Son regard doré défia celui de son oncle tandis qu’elle appuyait intentionnellement sur le prénom détesté. Une flambée de colère fit rougir le teint pâle du vieux seigneur mais il n’en exprima rien.

— Une cuisine n’est pas l’endroit rêvé pour y discuter de nos affaires, ma chère. Voulez-vous que nous passions au salon ?

— Soit. Je ne compte cependant pas m’attarder… Brusquement, Godivelle se déchaîna. Un vrai déluge de larmes s’échappa de ses yeux tandis qu’elle s’écriait :

— Vous n’allez pas nous enlever le petit, Madame Hortense ? Ce ne serait pas bien.

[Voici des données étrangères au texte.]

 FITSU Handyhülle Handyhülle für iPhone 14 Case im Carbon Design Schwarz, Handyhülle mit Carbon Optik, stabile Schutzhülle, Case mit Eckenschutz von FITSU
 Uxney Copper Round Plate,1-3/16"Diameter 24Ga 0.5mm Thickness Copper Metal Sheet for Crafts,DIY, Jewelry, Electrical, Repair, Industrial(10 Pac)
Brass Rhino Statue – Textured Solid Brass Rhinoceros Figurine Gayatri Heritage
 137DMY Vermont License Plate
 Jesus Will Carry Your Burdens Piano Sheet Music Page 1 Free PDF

Vous n’en avez pas le droit.

— Est-ce que vous n’oubliez pas un peu, comme tout un chacun ici, que je suis sa mère ?

— N’importe ! C’est un Lauzargues et il doit être élevé sur la terre de ses pères !

Les paroles de la vieille gouvernante rappelaient trop celles de Mme de Sainte-Croix pour être agréables à Hortense mais elle n’eut pas le loisir de les relever. Déjà le marquis coupait court en déclarant que cette affaire le regardait, lui le premier, et que ses gens n’avaient pas à s’en mêler. S’accordant tout juste le temps de poser un baiser sur le front de son fils, Hortense se dirigea vers le salon où le marquis la précédait.

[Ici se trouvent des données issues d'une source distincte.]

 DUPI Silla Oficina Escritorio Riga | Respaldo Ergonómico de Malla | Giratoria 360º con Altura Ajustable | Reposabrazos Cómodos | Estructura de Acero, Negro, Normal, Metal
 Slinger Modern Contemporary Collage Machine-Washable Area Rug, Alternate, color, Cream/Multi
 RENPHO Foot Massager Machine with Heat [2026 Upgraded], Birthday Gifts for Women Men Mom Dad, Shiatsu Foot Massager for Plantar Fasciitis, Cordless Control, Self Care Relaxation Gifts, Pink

L’aisance financière avait apporté à la grande salle d’autrefois plus de confort sans rien lui ôter de sa noblesse. On s’était contenté de créer, autour de la cheminée monumentale, une sorte de salon grâce à l’apport de quelques très beaux meubles Grand Siècle. Un petit bureau Mazarin, quelques meubles de Boulle et des fauteuils Louis XIV couverts de velours de Gênes vieil or voisinaient à présent avec le haut fauteuil seigneurial et la longue table médiévale sans se gêner mutuellement. Avec un goût très pur, le marquis avait choisi la grandeur plutôt que la mode. Des tapis réchauffaient le tout et apportaient leurs couleurs chaudes.

Au-dessus de l’immense cheminée, Dame Alyette et son époux continuaient à se sourire en se tournant le dos au milieu d’une prairie fleurie qui parut à Hortense plus fraîche que jamais et, en entrant, elle dédia un regard amical à ces naïfs personnages qu’elle avait toujours trouvés charmants. Mais elle n’était pas là pour admirer l’ameublement. Elle était là pour affronter le marquis et, visiblement, celui-ci s’y préparait. Adossé au bureau Mazarin, il désigna un siège à sa nièce et attaqua sans autre préambule :

— Vous êtes à présent maîtresse de Combert, ma chère, et vous m’en voyez fort heureux. Cette terre – qui est plus importante qu’on ne penserait dès l’abord – augmentera agréablement le patrimoine de mon petit-fils qui redeviendra ainsi le plus puissant seigneur de la région et, sans doute, le plus riche. Nous veillerons à ce que ce bien soit entretenu comme il convient afin…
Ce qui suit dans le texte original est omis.